[[ Exercise materials open ]]
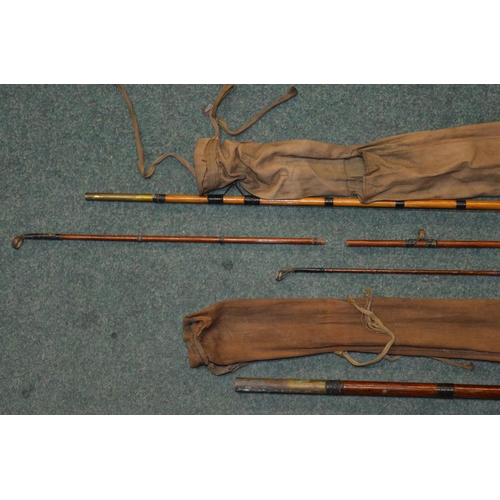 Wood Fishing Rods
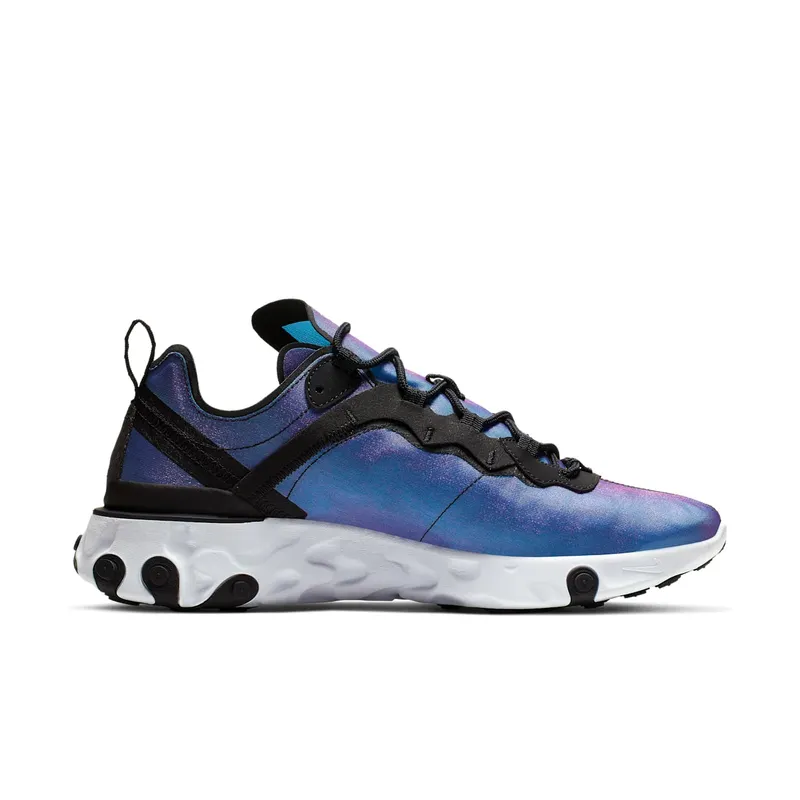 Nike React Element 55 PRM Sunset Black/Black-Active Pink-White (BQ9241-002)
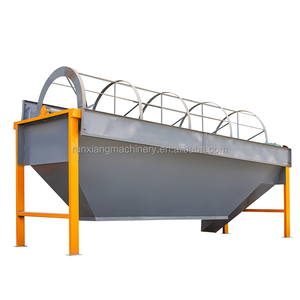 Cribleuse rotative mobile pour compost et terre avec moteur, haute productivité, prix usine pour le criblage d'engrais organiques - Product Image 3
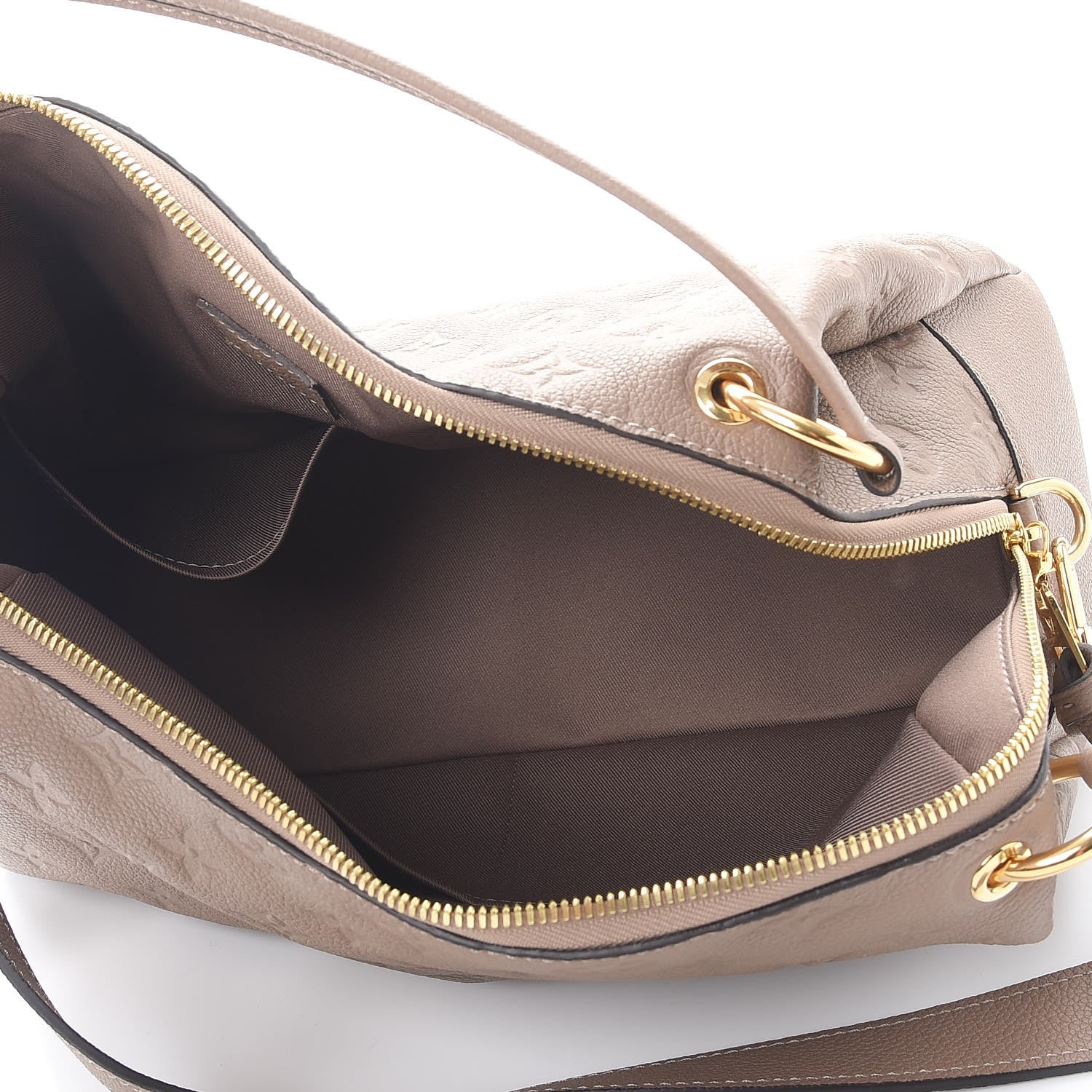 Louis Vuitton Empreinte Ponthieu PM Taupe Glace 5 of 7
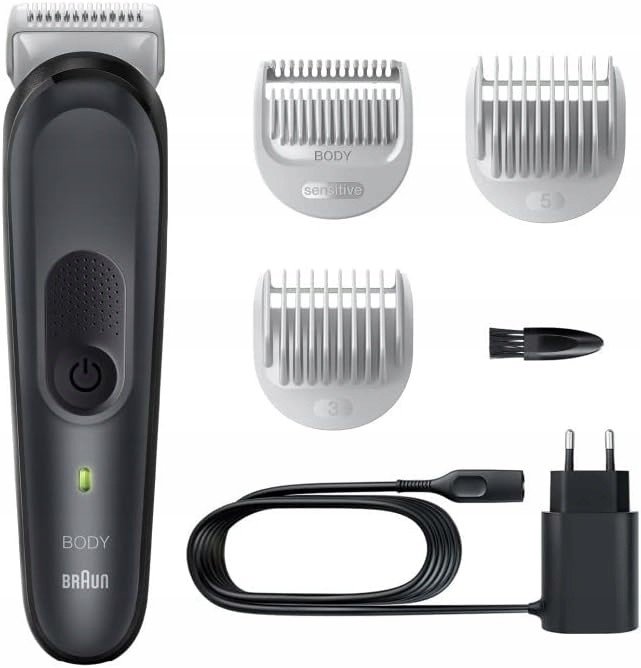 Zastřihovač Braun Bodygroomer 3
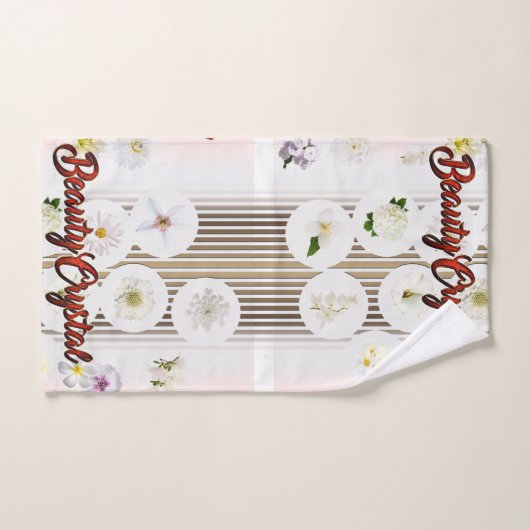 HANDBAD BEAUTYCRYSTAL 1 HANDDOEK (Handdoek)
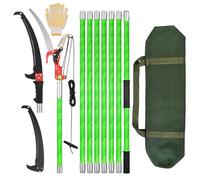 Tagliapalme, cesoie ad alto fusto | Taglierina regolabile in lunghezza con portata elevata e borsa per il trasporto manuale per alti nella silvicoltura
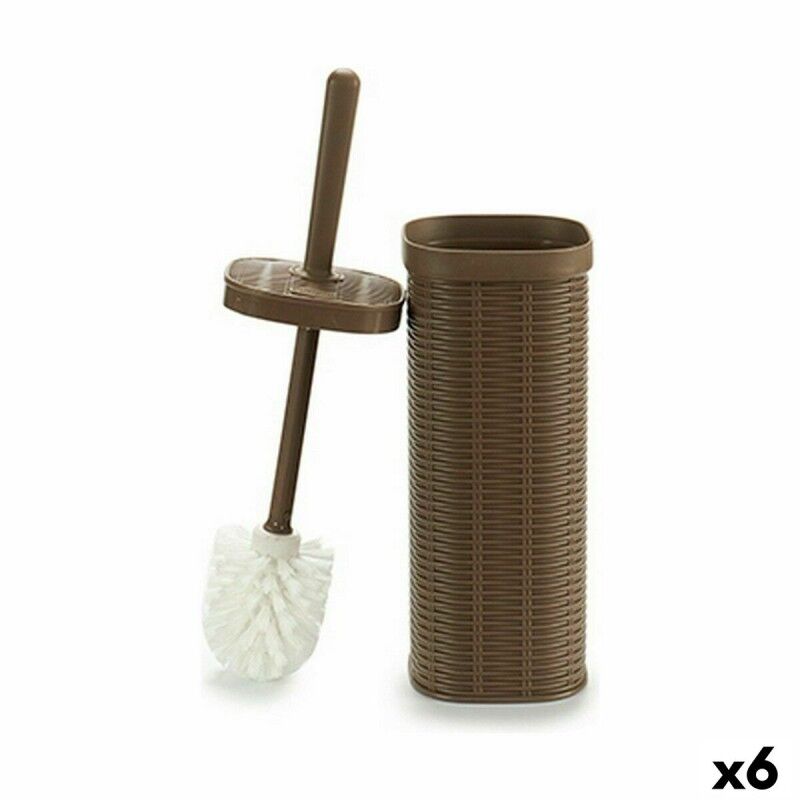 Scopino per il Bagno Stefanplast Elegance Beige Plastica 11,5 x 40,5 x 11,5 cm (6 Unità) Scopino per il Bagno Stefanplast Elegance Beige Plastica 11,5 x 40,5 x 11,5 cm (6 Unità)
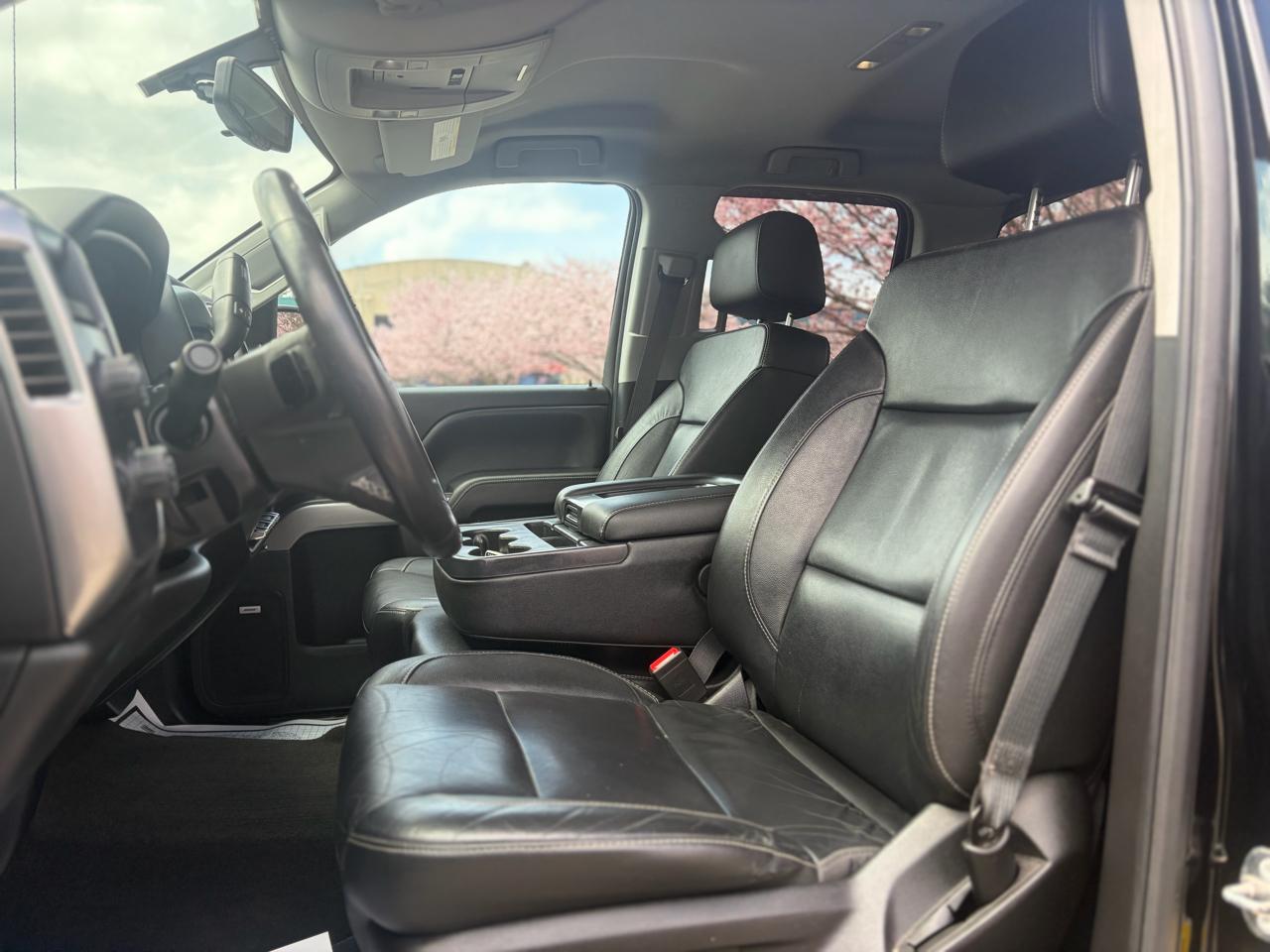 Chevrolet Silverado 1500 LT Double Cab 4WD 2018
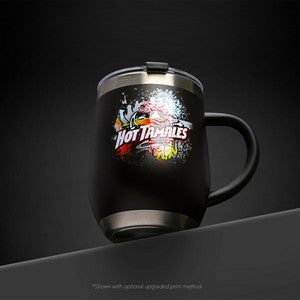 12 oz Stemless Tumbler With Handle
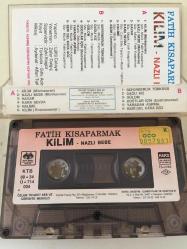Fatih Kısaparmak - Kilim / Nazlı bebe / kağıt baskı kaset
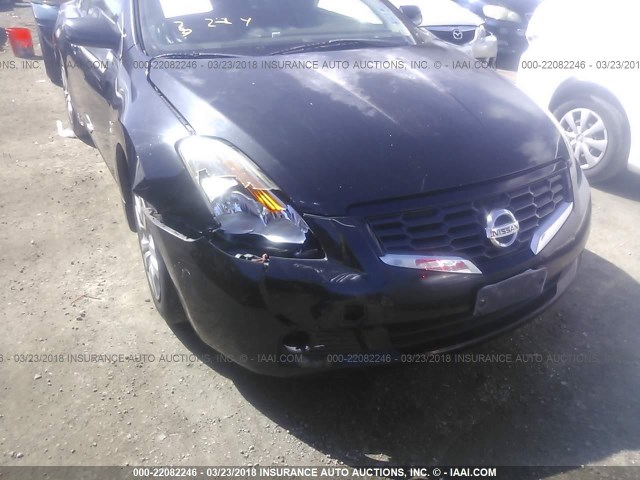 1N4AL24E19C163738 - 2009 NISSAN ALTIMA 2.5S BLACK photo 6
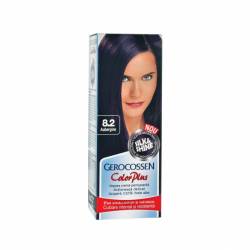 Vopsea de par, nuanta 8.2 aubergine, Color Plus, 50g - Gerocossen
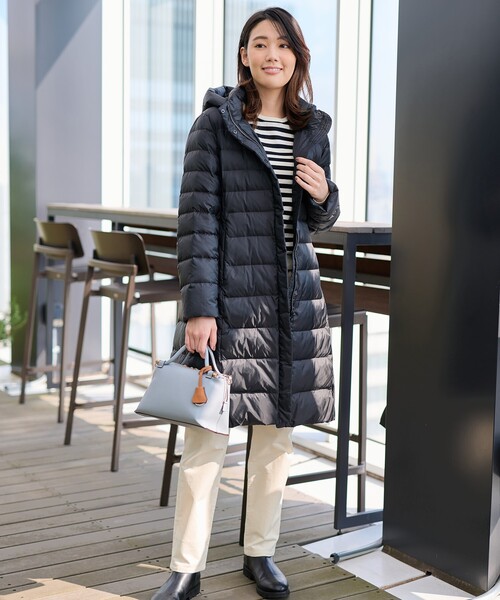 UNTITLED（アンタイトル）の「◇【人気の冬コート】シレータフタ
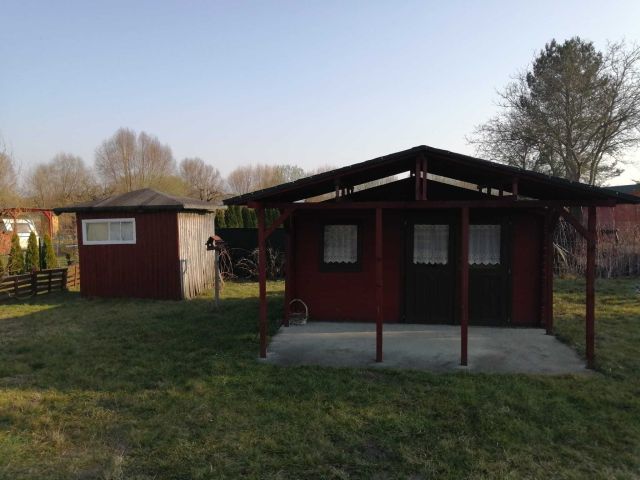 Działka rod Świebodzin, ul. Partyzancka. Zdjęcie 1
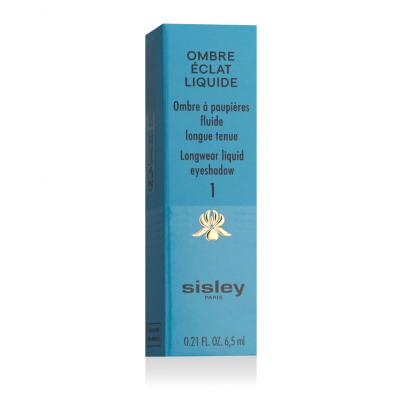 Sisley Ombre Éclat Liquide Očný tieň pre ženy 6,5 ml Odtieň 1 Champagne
[[ Exercise materials closed ]]
Task to complete => Where a picture appears in the data, omit it; restate the rest word for word.

Exercise response =>
 Wood Fishing Rods
 Nike React Element 55 PRM Sunset Black/Black-Active Pink-White (BQ9241-002)
 Cribleuse rotative mobile pour compost et terre avec moteur, haute productivité, prix usine pour le criblage d'engrais organiques - Product Image 3
 Louis Vuitton Empreinte Ponthieu PM Taupe Glace 5 of 7
 Zastřihovač Braun Bodygroomer 3
 HANDBAD BEAUTYCRYSTAL 1 HANDDOEK (Handdoek)
 Tagliapalme, cesoie ad alto fusto | Taglierina regolabile in lunghezza con portata elevata e borsa per il trasporto manuale per alti nella silvicoltura
 Scopino per il Bagno Stefanplast Elegance Beige Plastica 11,5 x 40,5 x 11,5 cm (6 Unità) Scopino per il Bagno Stefanplast Elegance Beige Plastica 11,5 x 40,5 x 11,5 cm (6 Unità)
 Chevrolet Silverado 1500 LT Double Cab 4WD 2018
 12 oz Stemless Tumbler With Handle
Fatih Kısaparmak - Kilim / Nazlı bebe / kağıt baskı kaset
 1N4AL24E19C163738 - 2009 NISSAN ALTIMA 2.5S BLACK photo 6
 Vopsea de par, nuanta 8.2 aubergine, Color Plus, 50g - Gerocossen
 UNTITLED（アンタイトル）の「◇【人気の冬コート】シレータフタ
 Działka rod Świebodzin, ul. Partyzancka. Zdjęcie 1
 Sisley Ombre Éclat Liquide Očný tieň pre ženy 6,5 ml Odtieň 1 Champagne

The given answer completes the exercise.